How the crash happens​

At the heart of CVE-2024-31755 is a simple logical oversight: the implementation checks whether the existing string pointer inside the cJSON object is NULL, but it fails to check whether the incoming valuestring parameter is NULL before calling strlen on it. In other words, the code assumes the caller’s pointer is valid and then dereferences it — when it’s NULL, that dereference becomes a segmentation fault.
The problem was discovered by fuzzing and reproduced with a compact proof-of-concept: create a cJSON string item (for example, cJSON_CreateString("apple")) then call cJSON_SetValuestring(item, NULL) — that single call can trigger the null dereference and crash the process. The issue, reported publicly, included the minimal reproduction and the affected commit tag (v1.7.17). (github.com)

Why this matters in practice​

A null-pointer dereference is not exotic: it simply kills the process that executes it. But the operational consequences depend on where cJSON is used:

• In embedded or single-purpose appliances, a crash can cause service interruption until an operator manually restarts the device.
• In network-facing services, a crafted request that reaches code paths calling cJSON_SetValuestring with attacker-controlled input could repeatedly crash worker processes and force service restarts, creating a sustained denial-of-service (DoS) condition.
• In build or CI pipelines, a crashing utility can stall automation and impair developer productivity.

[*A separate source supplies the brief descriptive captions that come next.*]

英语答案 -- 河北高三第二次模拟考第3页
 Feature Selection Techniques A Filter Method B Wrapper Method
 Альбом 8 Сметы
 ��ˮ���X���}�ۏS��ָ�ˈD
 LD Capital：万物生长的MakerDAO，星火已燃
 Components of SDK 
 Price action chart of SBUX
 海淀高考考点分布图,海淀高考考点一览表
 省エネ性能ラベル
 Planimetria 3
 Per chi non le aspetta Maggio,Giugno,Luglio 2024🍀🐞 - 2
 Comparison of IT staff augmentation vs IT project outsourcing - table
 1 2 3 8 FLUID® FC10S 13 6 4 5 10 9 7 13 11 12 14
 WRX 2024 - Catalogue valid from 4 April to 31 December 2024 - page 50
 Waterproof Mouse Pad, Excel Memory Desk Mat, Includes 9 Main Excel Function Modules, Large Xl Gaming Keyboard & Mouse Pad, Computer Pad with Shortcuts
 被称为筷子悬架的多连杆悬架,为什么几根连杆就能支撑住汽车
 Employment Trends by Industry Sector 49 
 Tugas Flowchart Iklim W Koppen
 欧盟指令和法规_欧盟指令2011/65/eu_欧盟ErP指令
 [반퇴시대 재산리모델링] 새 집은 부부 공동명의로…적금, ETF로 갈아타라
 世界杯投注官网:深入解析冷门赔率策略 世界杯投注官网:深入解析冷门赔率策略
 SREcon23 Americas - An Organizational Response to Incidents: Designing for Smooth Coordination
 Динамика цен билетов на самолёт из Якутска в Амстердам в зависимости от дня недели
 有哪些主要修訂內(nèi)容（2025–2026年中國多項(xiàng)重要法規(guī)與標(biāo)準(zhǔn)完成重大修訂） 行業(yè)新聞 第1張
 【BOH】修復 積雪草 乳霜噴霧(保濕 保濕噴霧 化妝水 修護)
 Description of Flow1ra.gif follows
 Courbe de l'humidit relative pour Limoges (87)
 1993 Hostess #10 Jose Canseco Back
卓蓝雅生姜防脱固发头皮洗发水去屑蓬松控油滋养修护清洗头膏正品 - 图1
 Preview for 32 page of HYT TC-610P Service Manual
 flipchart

Because cJSON is frequently embedded in other projects rather than running as a standalone daemon, the real-world blast radius is determined by how widely v1.7.17 was consumed across the organization’s software stack and whether external inputs can be fed into the vulnerable call path. Vulnerability scanners and distro advisories have tracked affected packages and posted fixes; organizations should treat this as a supply-chain and runtime availability risk.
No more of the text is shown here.